I am going to be blunt here: this book really needed to have been vetted by someone scientifically literate, to avoid howlers like M‑class, yellow, like Earth’s sun” and It’s reading gravity on the scale of Nevermore, though it’s not near the size or density. Or the orbital speed to make up for either.” Even for a science fantasy, the worldbuilding seemed pretty shaky. 

Rama’s overpowering, plot-breaking abilities have ample precedent in science fiction, from Kimball Kinnison to Telzy to Bolt. In fact, there’s not a single criticism of Rama I could not also make of Flinx … and I reviewed one of the Flinx books fairly favourably. I am afraid I was disappointed. Rama never seemed remotely human or appealing. I had hoped that Rama would be at least a little shaken when midway through the book he gets drafted as an ad hoc pied piper, but no such luck. Ah well.

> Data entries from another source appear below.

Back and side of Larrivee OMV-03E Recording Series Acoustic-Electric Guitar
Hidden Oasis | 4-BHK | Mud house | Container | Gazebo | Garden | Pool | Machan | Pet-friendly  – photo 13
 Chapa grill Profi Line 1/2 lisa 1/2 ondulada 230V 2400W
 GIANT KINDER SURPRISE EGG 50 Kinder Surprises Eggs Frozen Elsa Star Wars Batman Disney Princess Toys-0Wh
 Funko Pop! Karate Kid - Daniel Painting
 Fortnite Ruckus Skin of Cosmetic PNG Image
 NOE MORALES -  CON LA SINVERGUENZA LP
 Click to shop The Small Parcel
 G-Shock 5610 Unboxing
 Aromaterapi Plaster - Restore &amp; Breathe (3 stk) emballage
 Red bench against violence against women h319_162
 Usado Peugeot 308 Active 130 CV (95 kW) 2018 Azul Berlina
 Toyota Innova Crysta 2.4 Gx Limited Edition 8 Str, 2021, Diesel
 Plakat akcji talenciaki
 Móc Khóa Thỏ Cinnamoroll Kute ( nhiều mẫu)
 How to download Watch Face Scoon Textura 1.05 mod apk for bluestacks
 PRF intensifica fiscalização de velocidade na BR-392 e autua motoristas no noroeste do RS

The book is strongest when it focuses on its most human characters: Aisha, who is afraid she and her family will be forced to leave the only planet she knows, is an appealing protagonist. Her aunt Khalida, on leave following a mission that went horribly pear-shaped to the tune of a quarter million dead, is vividly depicted. The two characters are linked, not only by biology, but by the challenges they face. Aisha is afraid of change, and Psycorps tests, precisely because of her aunt’s horrific experiences.

Despite my caveats, I would recommend this book as absorbing. This would be a good time to buy Forgotten Suns, since the author is having some difficulties of late:

Right now I do not know how I’m going to feed the horses for the rest of the month. I have managed to scrape out enough to pay for the last load of hay (if that late check finally gets here), but once it’s eaten, which it will be in about ten days, I don’t know what I’m going to do. The farm will be gone by midsummer unless I find a steady source of sufficient income. I’ve been hustling like a hustling thing but so far with minimal results.
The market does not want either me or the horses. The horses are all old and therefore retired and unsalable, or else would require thousands of dollars’ worth of training and show fees to have any sale value. No one can take them. The market is saturated with unwanted horses and the rescues are overloaded. I am over 60, hearing impaired (ergo, unable to use the phone), and with chronic fatigue syndrome which makes office or minimum-wage work difficult to impossible. And minimum wage would not support the animals, let alone me. All my income streams from backlist books, editing, writing, etc. have shrunk to a trickle or dried up. No one has booked a Camp in over a year.

Forgotten Suns and other Judith Tarr books may be purchased in non-DRMed ebook form at Bookview Cafe.

1: Yeah, I spent more time than I should have checking to see if there is a direct link between Tarr and Norton. They definitely were in the same general SF community and they appeared in at least one anthology together. But if there is a direct connection between Tarr and Norton along the lines of, say, Smith and Norton or McConchie and Norton, I could not find it.